LOFO (Leave One Feature Out) Importance calculates the importances of a set of features based on a metric of choice,

Ahmet Erdem

Last update: Dec 23, 2022

Related tags

Overview

LOFO (Leave One Feature Out) Importance calculates the importances of a set of features based on a metric of choice, for a model of choice, by iteratively removing each feature from the set, and evaluating the performance of the model, with a validation scheme of choice, based on the chosen metric.

LOFO first evaluates the performance of the model with all the input features included, then iteratively removes one feature at a time, retrains the model, and evaluates its performance on a validation set. The mean and standard deviation (across the folds) of the importance of each feature is then reported.

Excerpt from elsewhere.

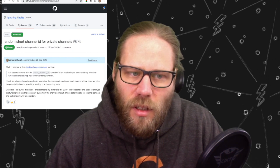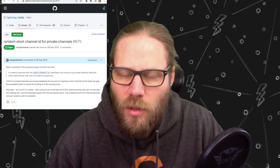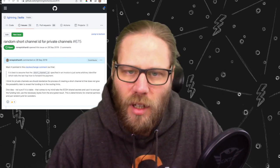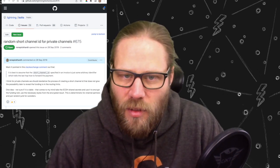Regarding the second part of the question with private channels — first of all, I think it's much better to call them unannounced channels, because as of now I don't think they are really private. You can look in the Lightning Bolts GitHub repository; I opened an issue there pointing out why this is the case, and people are working on solutions to mitigate this. For now, I think it's much safer to call them just unannounced channels.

If a model is not passed as an argument to LOFO Importance, it will run LightGBM as a default model.

Install

LOFO Importance can be installed using

pip install lofo-importance

Advantages of LOFO Importance

LOFO has several advantages compared to other importance types:

It does not favor granular features
It generalises well to unseen test sets
It is model agnostic
It gives negative importance to features that hurt performance upon inclusion
It can group the features. Especially useful for high dimensional features like TFIDF or OHE features.
It can automatically group highly correlated features to avoid underestimating their importance.

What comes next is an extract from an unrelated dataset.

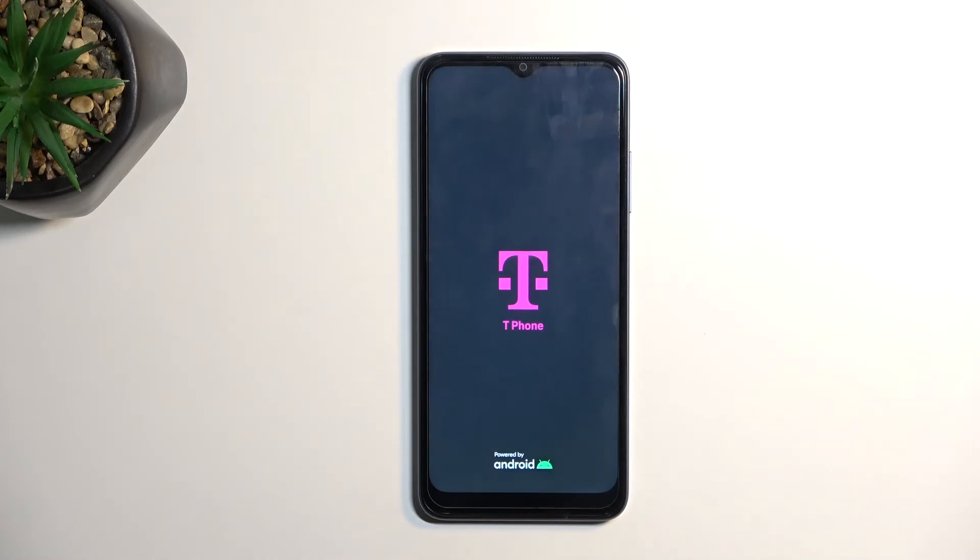This entire process should take about two, three minutes maybe to finish up, and once it has we will be presented with the Android setup screen. So I'll be back once that is visible.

Example on Kaggle's Microsoft Malware Prediction Competition

In this Kaggle competition, Microsoft provides a malware dataset to predict whether or not a machine will soon be hit with malware. One of the features, Centos_OSVersion is very predictive on the training set, since some OS versions are probably more prone to bugs and failures than others. However, upon splitting the data out of time, we obtain validation sets with OS versions that have not occurred in the training set. Therefore, the model will not have learned the relationship between the target and this seasonal feature. By evaluating this feature's importance using other importance types, Centos_OSVersion seems to have high importance, because its importance was evaluated using only the training set. However, LOFO Importance depends on a validation scheme, so it will not only give this feature low importance, but even negative importance.

import pandas as pd
from sklearn.model_selection import KFold
from lofo import LOFOImportance, Dataset, plot_importance
%matplotlib inline

# import data
train_df = pd.read_csv("../input/train.csv", dtype=dtypes)

# extract a sample of the data
sample_df = train_df.sample(frac=0.01, random_state=0)
sample_df.sort_values("AvSigVersion", inplace=True)

# define the validation scheme
cv = KFold(n_splits=4, shuffle=False, random_state=0)

# define the binary target and the features
dataset = Dataset(df=sample_df, target="HasDetections", features=[col for col in train_df.columns if col != target])

# define the validation scheme and scorer. The default model is LightGBM
lofo_imp = LOFOImportance(dataset, cv=cv, scoring="roc_auc")

# get the mean and standard deviation of the importances in pandas format
importance_df = lofo_imp.get_importance()

# plot the means and standard deviations of the importances
plot_importance(importance_df, figsize=(12, 20))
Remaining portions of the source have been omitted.